Was bedeutet eigentlich Meisterschaft? Heute wird dies zumeist als unantastbare Spitzenposition in einem Fachgebiet angesehen. Bezirksmeister, Landesmeister, Deutscher Meister, Europameister, Weltmeister, Mister/Miss Universum, Galaktikon. Letzterer Begriff steht für die Spitzenposition innerhalb unserer Galaxis. Das Streben nach Auszeichnung ist menschlich, wobei Meisterschaft heute all zu schnell als elitäres Aufbauen von Zäunen angesehen wird. Gleichzeitig erscheint nichts einfacher, als sich selbst einen entsprechenden Elitezaun zu zimmern. Ich kann mich noch gut daran erinnern, dass Meisterschaft von Meistern geprüft und verliehen wurde. Manchmal ereilte diese Auszeichnung aber auch jenen, der sie gar nicht haben wollten. Im Rückblick dürfte dies als flüchtiges Luxusproblem angesehen werden … vorausgesetzt die Zeitspanne zwischen Auszeichnung und Rückblickpunkt ist ausreichend lang.

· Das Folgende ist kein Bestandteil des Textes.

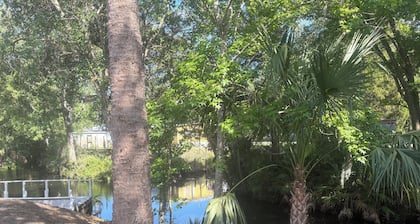 COOL CHAZ Waterfront River 2 bedroom Rental-4Kayaks-1Canoe-2docks-boathouse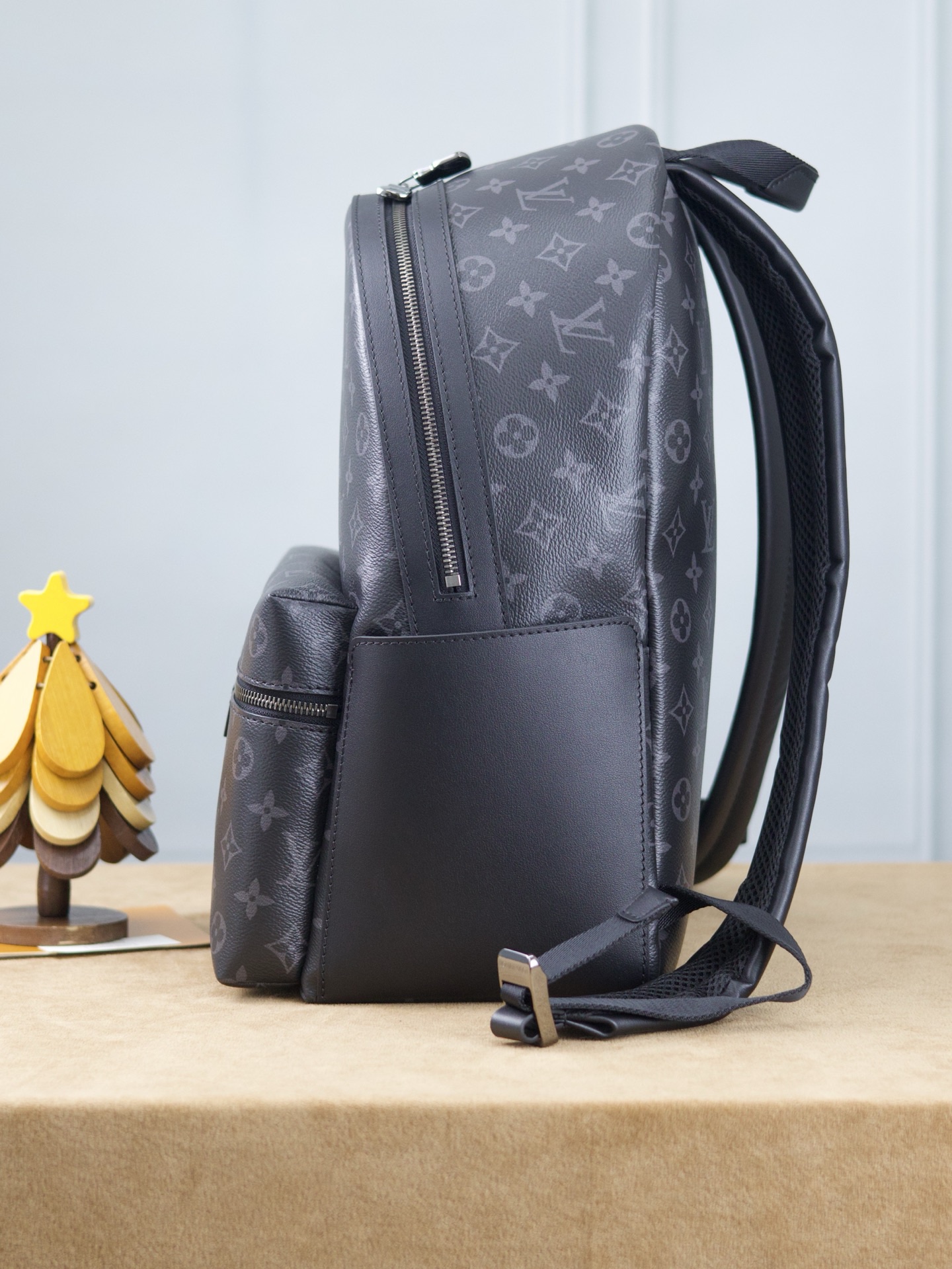 【163C01芯片版】
DISCOVERY 小號雙肩包
型號：M22558黑花
材料：進口原廠面料 原廠皮
尺寸：29x38x20cm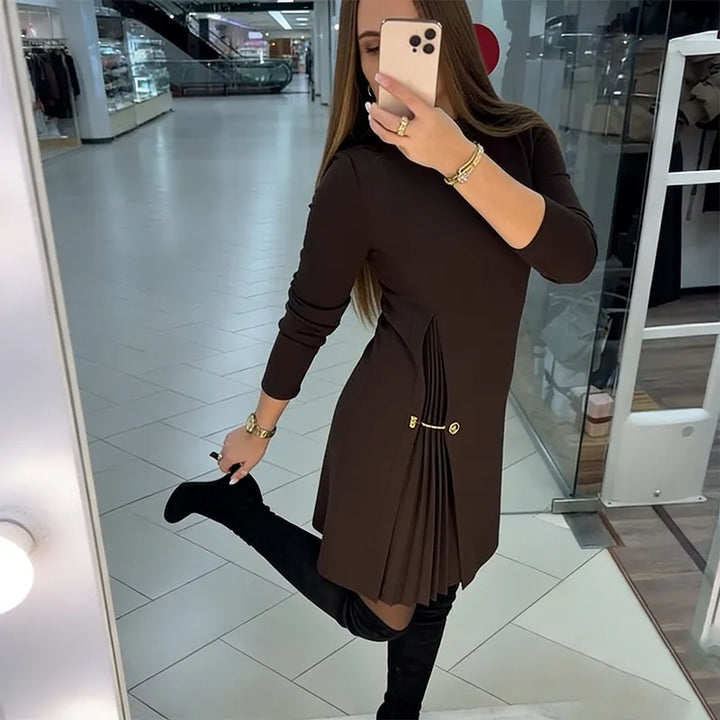 Rikke – Elegant A-formet kjole med plissédetalje
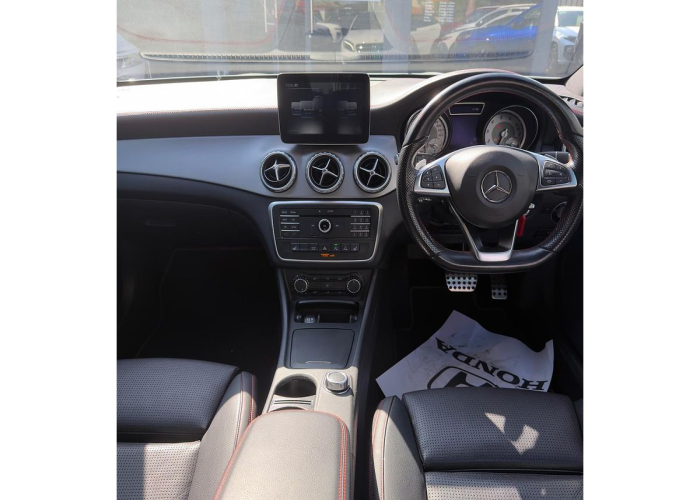 Used 6
                    MERCEDES BENZ
                     for Sale Image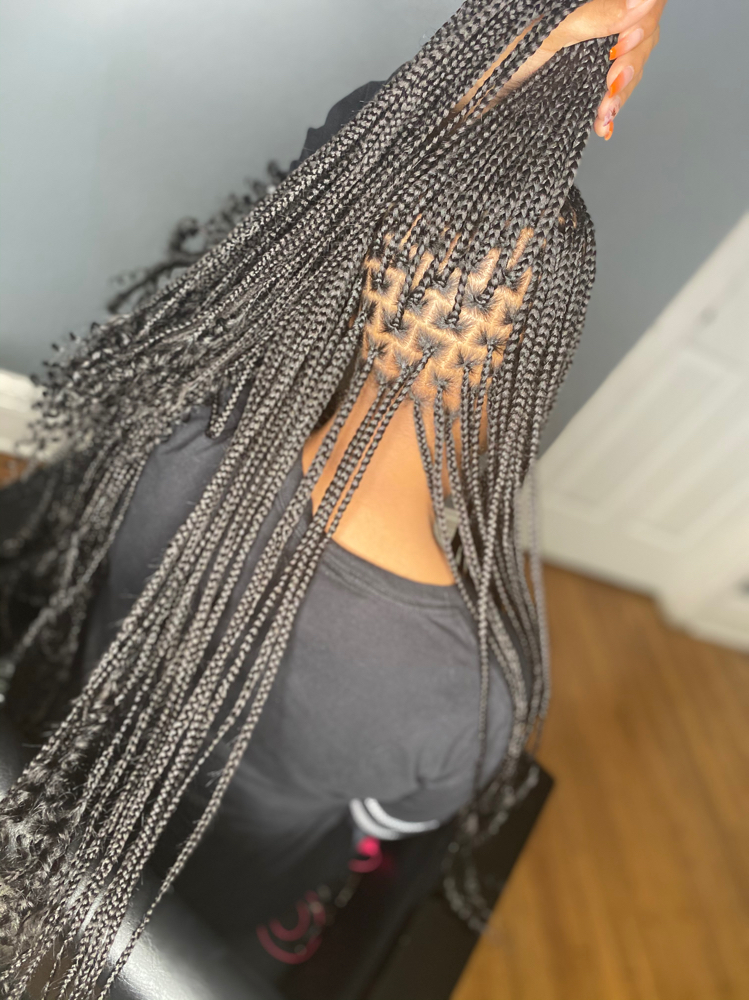 Smedium Knotless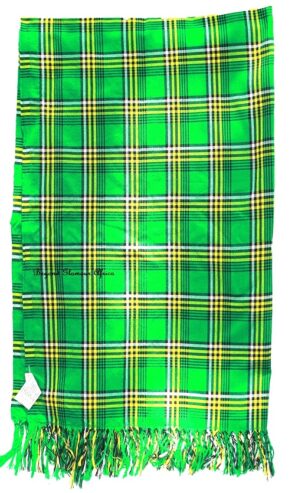 Women’s green shawl very fashionable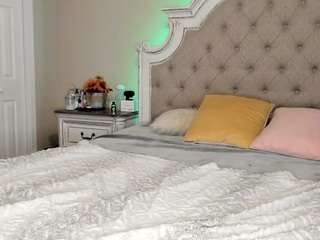 kennasavage Live Webcam on CamSoda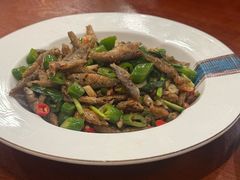 -湖南人家湘菜馆(镇江路店)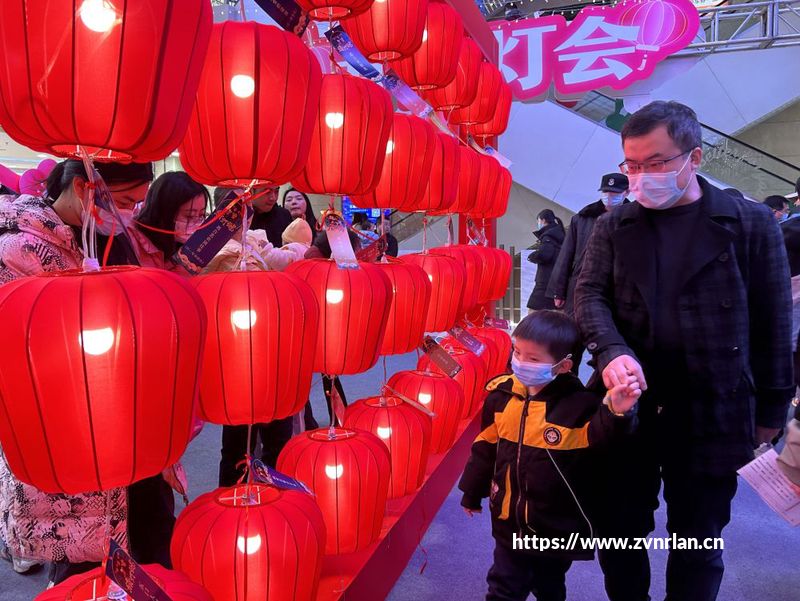 腾讯Q1游戏营收642亿，高管称AI时代不能盲目追求DAU增长
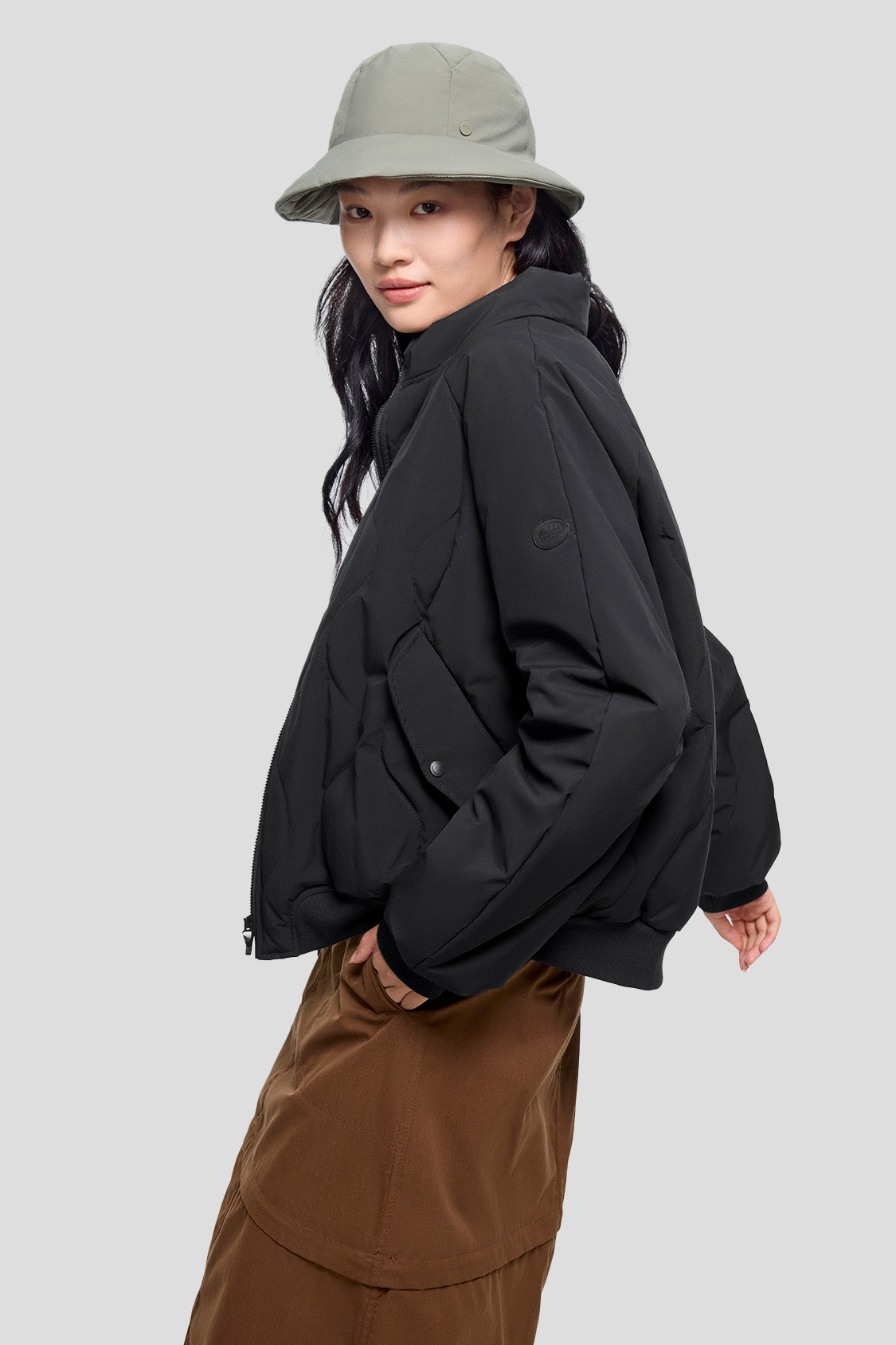 beneunder women's jackets #color_black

Zeitspannen haben kein einheitliches Wertsystem. Gemessen in der Länge werden sie in Jahren. Aber wo ist eine anerkannte Wertskala zu finden? In der Fotografie kann die Aufzählung von technischen Besitztümern, die Anzahl von Projekten mit „Berühmtheiten“ oder der Hinweis auf Veröffentlichungen, Ausstellungen, Erwähnungen oder Sternen in diversen Schaubuden Wertpunkte auf die Zeitstrecke legen. Je höher die Wertpunktdichte in einer möglichst kurzen Zeitspanne … die Schlussfolgerung bleibt mir im Halse stecken. Ich sah schon viele Sterne in der Fotografie aufgehen und nach kurzer Zeit wieder verglühen. Auf meinem Weg sind mir höchstens zwei Hände voll Fotografen begegnet, die über 20, 30 oder mehr Jahre auf hohem Niveau fotografiert haben. Natürlich gab es da auch Schwankungen, Wellenbewegungen und mehr oder weniger glückliche Umstände. Rückblickend lohnt sich jedoch die Schau auf deren Werk über die Jahre hinweg … Retrospektiven über das Gesamte oder Ausschnitte daraus. Und was ist mit der Meisterschaft? Die Verleihung ist wohl eine Folge der Retrospektive, deren Wert vielleicht tatsächlich erst in der Anzahl von Jahren gemessen werden kann.